Fix bad unicode character issue #579

koechkevin · 2024-02-27T11:23:28Z

Description

Fix an issue with our initial implementation of html2text where meedan returns bad unicode character error.
Replaces html2text with trafilatura.
A formatted input from this post would now be processed as
output.txt

Fixes (issue)

Type of change

Please delete options that are not relevant.

Bug fix (non-breaking change which fixes an issue)

Screenshots

Checklist:

My code follows the style guidelines of this project
I have performed a self-review of my own code
I have commented my code, particularly in hard-to-understand areas
I have made corresponding changes to the documentation

kilemensi · 2024-02-27T11:41:33Z

Before review the code, what is the actual issue here @koechkevin ? Meedan Check doesn't accept links?

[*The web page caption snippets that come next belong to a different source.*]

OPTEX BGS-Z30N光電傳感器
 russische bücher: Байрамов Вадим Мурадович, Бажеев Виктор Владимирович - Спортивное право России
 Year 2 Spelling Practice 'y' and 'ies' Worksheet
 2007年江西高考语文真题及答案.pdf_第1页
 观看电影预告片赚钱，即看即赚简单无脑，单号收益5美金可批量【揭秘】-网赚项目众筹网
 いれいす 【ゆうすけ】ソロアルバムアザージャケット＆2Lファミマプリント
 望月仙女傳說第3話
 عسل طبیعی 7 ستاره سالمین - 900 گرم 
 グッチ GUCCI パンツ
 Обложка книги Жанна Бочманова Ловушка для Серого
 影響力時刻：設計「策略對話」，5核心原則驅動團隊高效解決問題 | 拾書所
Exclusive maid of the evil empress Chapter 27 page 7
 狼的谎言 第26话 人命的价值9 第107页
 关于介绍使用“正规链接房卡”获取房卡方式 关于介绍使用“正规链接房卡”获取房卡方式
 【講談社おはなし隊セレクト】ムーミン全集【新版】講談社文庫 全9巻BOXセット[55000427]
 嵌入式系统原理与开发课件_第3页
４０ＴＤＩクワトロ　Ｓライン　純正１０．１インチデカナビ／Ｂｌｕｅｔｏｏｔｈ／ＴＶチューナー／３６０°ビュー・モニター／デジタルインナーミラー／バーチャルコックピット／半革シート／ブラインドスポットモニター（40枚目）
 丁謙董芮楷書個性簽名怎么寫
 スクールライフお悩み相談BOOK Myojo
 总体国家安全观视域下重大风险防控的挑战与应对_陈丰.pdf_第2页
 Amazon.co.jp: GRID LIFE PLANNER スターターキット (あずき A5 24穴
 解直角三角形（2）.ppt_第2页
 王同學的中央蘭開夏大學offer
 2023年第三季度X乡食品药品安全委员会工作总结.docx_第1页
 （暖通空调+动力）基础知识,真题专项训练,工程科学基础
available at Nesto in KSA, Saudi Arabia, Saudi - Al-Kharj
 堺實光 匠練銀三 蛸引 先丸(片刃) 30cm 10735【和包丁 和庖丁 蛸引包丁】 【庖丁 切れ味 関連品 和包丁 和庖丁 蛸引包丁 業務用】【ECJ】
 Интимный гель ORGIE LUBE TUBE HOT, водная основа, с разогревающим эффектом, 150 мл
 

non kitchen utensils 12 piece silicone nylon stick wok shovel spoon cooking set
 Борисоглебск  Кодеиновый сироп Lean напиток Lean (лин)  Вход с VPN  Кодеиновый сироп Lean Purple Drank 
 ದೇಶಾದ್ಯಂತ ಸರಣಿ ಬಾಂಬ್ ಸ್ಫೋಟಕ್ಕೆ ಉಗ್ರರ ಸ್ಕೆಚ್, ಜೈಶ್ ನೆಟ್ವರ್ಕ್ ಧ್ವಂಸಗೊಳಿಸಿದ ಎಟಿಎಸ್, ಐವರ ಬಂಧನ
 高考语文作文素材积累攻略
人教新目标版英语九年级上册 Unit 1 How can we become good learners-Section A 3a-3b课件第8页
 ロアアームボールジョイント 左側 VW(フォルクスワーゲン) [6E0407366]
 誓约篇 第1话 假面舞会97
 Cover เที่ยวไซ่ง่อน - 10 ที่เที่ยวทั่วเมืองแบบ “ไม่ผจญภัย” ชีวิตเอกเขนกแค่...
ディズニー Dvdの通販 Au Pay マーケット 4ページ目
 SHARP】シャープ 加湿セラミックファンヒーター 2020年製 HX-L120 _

koechkevin · 2024-02-27T11:47:29Z

@kilemensi How html2text handles some href links created some invalid unicode characters causing the error. Of all the options mentioned in the documentation, ignore_links is the only that seemed to work for the specific case. Maybe another edge case will be introduced with other uploads

kilemensi · 2024-02-27T12:02:18Z

The option may work but I still don't understand the issue @koechkevin: Why would links raise unicode error? May be there is actually unicode error in the original article itself?

Does Meedan Check expect unicode or ascii?
Is there a maximum length limit?

If Meedan Check accepts unicode,

Have we tried the unicode_snob option?
If this didn't work, did we try manually encoding e.g. html2text(html).encode("utf-8", errors="replace").decode("utf-8", errors="ignore")?

koechkevin · 2024-02-27T13:19:33Z

@kilemensi this is the encoded url that causes the issues after parse by html2text https://www.reuters.com/world/middle-east/egypt-steps-up-security-border-israeli-offensive-gaza-nears-2024-02-09/#:~:text=CAIRO%2C%20Feb%209%20\(Reuters\),two%20Egyptian%20security%20sources%20said.

kilemensi · 2024-02-27T13:32:08Z

@kilemensi this is the encoded url that causes the issues after parse by html2text https://www.reuters.com/world/middle-east/egypt-steps-up-security-border-israeli-offensive-gaza-nears-2024-02-09/#:~:text=CAIRO%2C%20Feb%209%20(Reuters),two%20Egyptian%20security%20sources%20said.

But this doesn't seem to have any unicode issues @koechkevin ... as a matter of fact, it's actually just ascii. How does it look after being parsed by html2text?

koechkevin · 2024-02-27T13:40:54Z

@kilemensi this is the encoded url that causes the issues after parse by html2text https://www.reuters.com/world/middle-east/egypt-steps-up-security-border-israeli-offensive-gaza-nears-2024-02-09/#:~:text=CAIRO%2C%20Feb%209%20(Reuters),two%20Egyptian%20security%20sources%20said.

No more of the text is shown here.